15-859(B) Machine Learning Theory 02/20/08
* Tighter sample complexity bounds: Rademacher bounds
* A great tool: McDiarmid's inequality
===========================================================================
Let's recap our VC-dimension bounds: Let C[m] = max # ways of
splitting m examples using concepts in C.
THEOREM 1: For any class C, distrib D, if the number of examples seen
m satisfies: m > (2/epsilon)[lg(2C[2m]) + log_2(1/delta)], then
with prob (1-delta), all bad (error > epsilon) hypotheses in C are
inconsistent with data.
THEOREM 2: For any class C, distrib D, if the number of examples seen
m satisfies: m > (2/epsilon^2)[ln(2C[2m]) + ln(1/\delta)]
then with prob 1-delta, all h in C have |err_D(h)-err_S(h)| < epsilon.
SAUER'S LEMMA: C[m] < m^d, where d = VCdim(C). [so can use Sauer's
lemma to convert to bounds in terms of VCdim(C)]
---------------------------------------------------------------------
Motivation and plan
===================
These bounds are nice but have two drawbacks that we'd like to
address:
1. computability/estimability: say we have a hypothesis class C
that we don't understand very well. It might be hard to compute or
estimate C[m], or even |C[S]| for our sample S.
Say we have a great optimizer that, given any set of labels, will
find the h in C that minimizes empirical error with respect to
those labels. Then, one approach we could imagine trying is to
pick random labels for the points in S and see how often we can
achieve them. This will estimate C[m]/2^m. Unfortunately, this
quantity will be extremely small for the values of m of interest,
so we would have to repeat this an extremely large number of times.
Instead, an easier thing to do would be to pick random labels and
see, on average, how close to them we can get: how much better than
50/50. Rademacher bounds will be exactly in terms of that quantity.

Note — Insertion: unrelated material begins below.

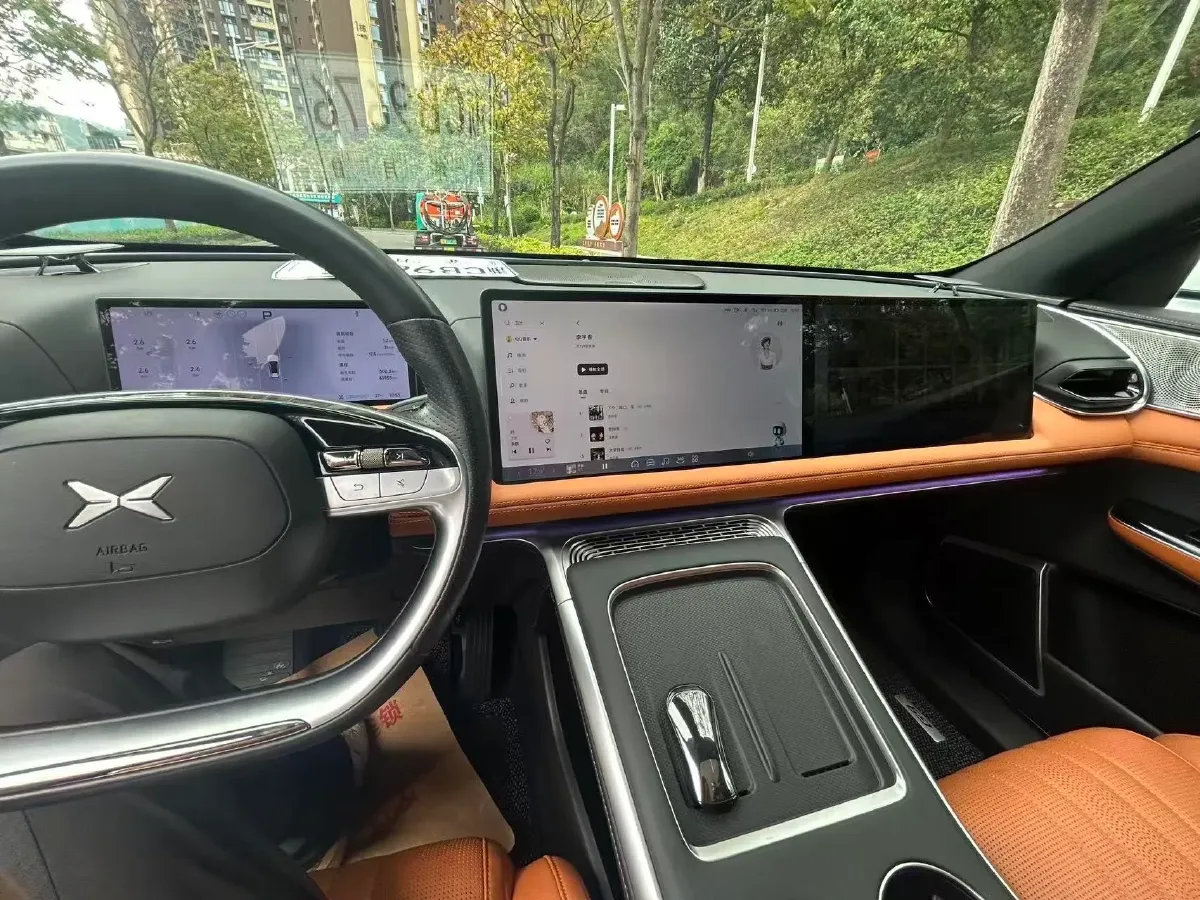 2024 Xpeng G9 BEV 98KWH,autocango,china used car exporter,china ev exporter,chinese used car exporter,chinese used ev exporter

2. tightness. Our bounds have two sources of loss. One is that
we did a union bound over the splittings of the double-sample S,
which is overly pessimistic if many of the splittings are very
similar to each other. A second is that we did worst-case over S,
whereas we would rather do expected case over S, or even just have a
bound that depends on our actual training set. We will be able to
address both of these.
Note: we are going to be extending THEOREM 2. Also, rather than
writing m as a function of epsilon, let's write epsilon as a function
of m. In particular, we can write Thm 2 as: For any class C and
distribution D, whp all h in C satisfy
err_D(h) <= err_S(h) + sqrt{2ln(2C[2m]/delta) / m}.

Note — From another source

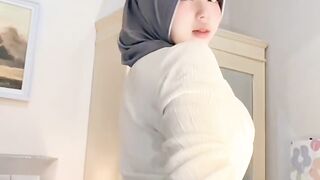 Plump hijab 2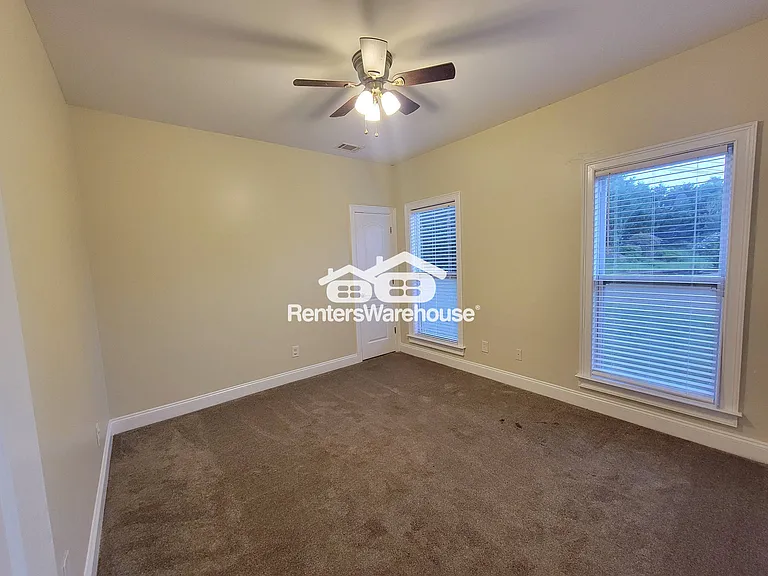 1025 Rowanshyre Cir — Photo 22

(And we bound in the other direction as well, but this direction is
the more important one, becuase your main worry is that you are
overfitting your sample, and the sqrt{...} quantity is a bound on how
much you can be overfitting.
----------------------------------------------------------------------
Rademacher averages
===================
For a given set of data S = {x_1, ..., x_m} and class of functions F,
define the "empirical Rademacher complexity" of F as:
R_S(F) = E_sigma [ max_{h in F} (1/m)(sum_i sigma_i * h(x_i)) ]
where sigma = (sigma_1, ..., sigma_m) is a random {-1,1} labeling.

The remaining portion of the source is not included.